1970 -80 de 'kurtuluş.....' ile başlayan duvar yazılarının yerini şimdilerde aşk ilanları aldı. 1970'li yılların gençleri duvarlara uğruna kavgalara girdikleri ideolojilerini yazarken, şimdiki gençler duvarlara aşk ilanları yazıyor. Kentlerin en işlek caddelerini geniş kitlelere ulaşmak için hedef alan gençler, harçlıklarıyla aldıkları boyalarla 'tek yol....... veya kurtuluş ......' ile başlayan sloganlar yazıyordu.
Duvarlara yazı yazmak sanıldığı kadar kolay olmuyordu. Gençler yakalandıkları zaman altı ay hapis cezası alıyorlardı. Bu nedenle yazılar gece yarısından sonra ve gruplar halinde yazılıyordu. Duvarlara yazı yazma uğruna bir çok genç hapishanelerle tanıştı.
Bugün ise gençler genellikle elektrik trafolarını ve bina duvarlarını mesajlarını verdikleri mekanlar olarak görüyor. Fırça yerine sprey boya kullanan ve ideolojinin çok uzağından mesajlar yazan gençler, buraları aşk yazıları ile süslüyor. Kimi gençler ise duygularını ifade etmede Türkçe yeterli olmayınca İngilizce’ye başvuruyor.
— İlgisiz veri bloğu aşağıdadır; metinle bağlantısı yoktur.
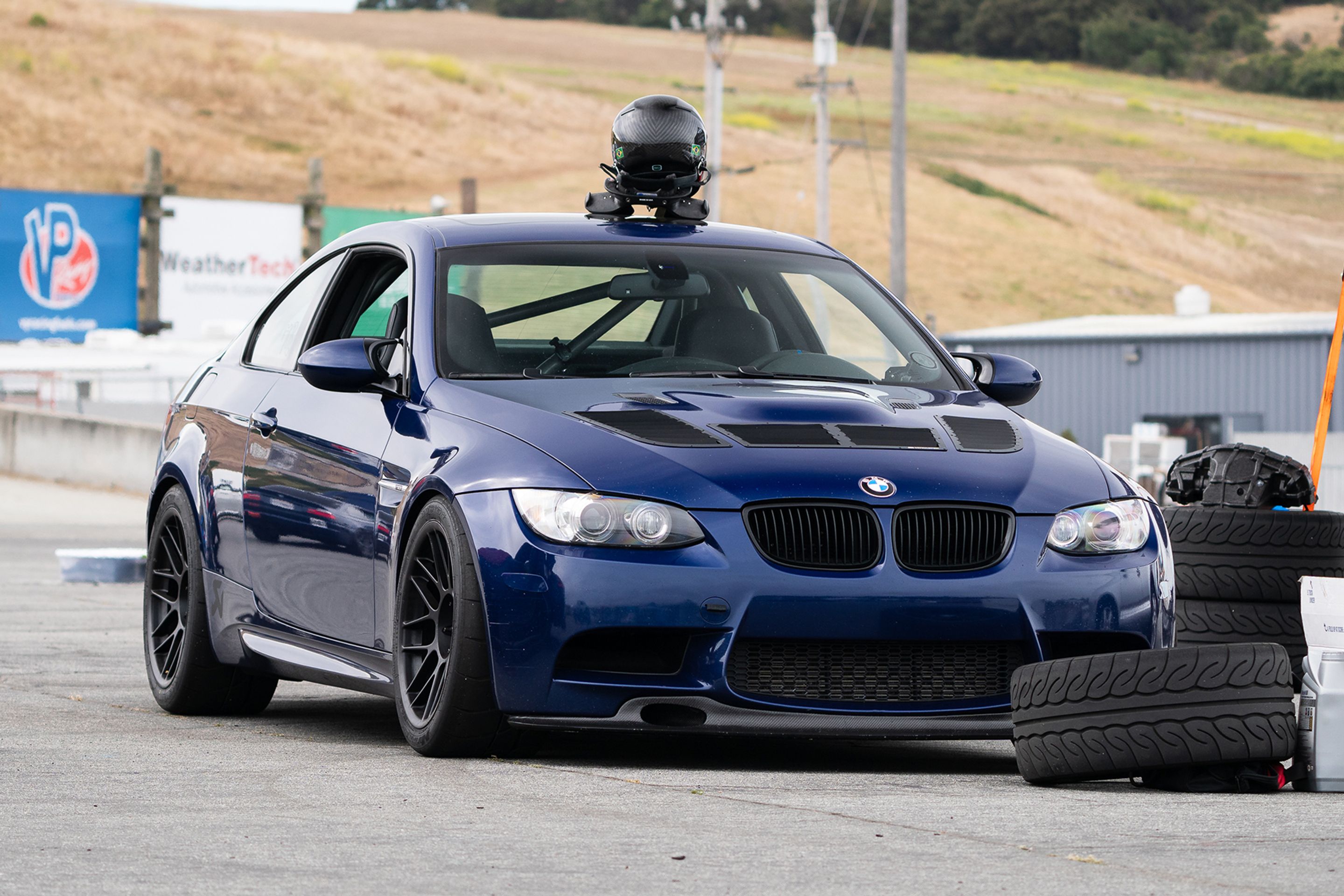 White Porsche 911 996 GT2 with 20" FL-5 Apex wheels in Brushed Clear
Duvar yazılarının dününü ve bu gününü değerlendiren uzmanlar, Türkiye’nin iki gençlik gördüğünü, şimdiki gençliğin 'lümpen gençliği' olduğu görüşünde. 1970'li yıllarda sloganların ideolojik eğilimli olduğunu belirten uzmanlar, "Kurtuluş...... ve Tek yol.....' ile başlayan sloganların kimseyi bir şey kazandırmadığı ödenen faturalarla anlaşıldı. Ancak o günkü ideolojik ayrışma bugün ki bireysel ayrışmayı getirdiğini söyleyebiliriz" diye konuştu.
Günümüz gençliğinin genelinin duygu ve düşünce yoğunluğundan uzak olduğunu ifade eden uzmanlar, "'Savaşma seviş' mantığıyla yetişen gençler, sadece kişisel tatmin için yaşıyor. Gençleri siyasetten uzak tutmak için yapılan çalışmalar tam olarak olmasa bile amacına ulaştı. Gençlerden düşünmeleri değil sosyal yaşam adına, eğlenmeleri ve yarını düşünmemeleri istendi" dedi.
Türkiye'nin son yüzyılda başkalarının çizdiği kadere razı olmayan iki gençlik gördüğünün altını çizen uzmanlar, "Bunlardan biri Kuvva-i Milliye diğeri 70'li yılların gençliğidir. Günümüz gençliği ise kendi içine hapsolmuş ve kuzu gençliği hüviyetine bürünmüştür" dedi.
Gençlerin kapitalizmin kolay açılır kumbarası haline geldiğini anlatan uzmanlar, 70'li yılların gençlerinin ideali uğruna her şeyi göze alan bir yapıda olduğunu belirtti. Türkiye'nin içerisinden geçtiği sosyal değişimin büyük boyutlu ve uzun süreli olduğuna dikkat çeken uzmanlar, "Politikadan uzaklaştırılan ve sadece anı yaşaması istenen gençlik, hiçbir şeyi sorgulamadan yaşar hale geldi. Ancak yinede gençlerin bu çemberi kırarak özdeki birikimlerini ortaya çıkaracaklarına inanıyorum" diye konuştu.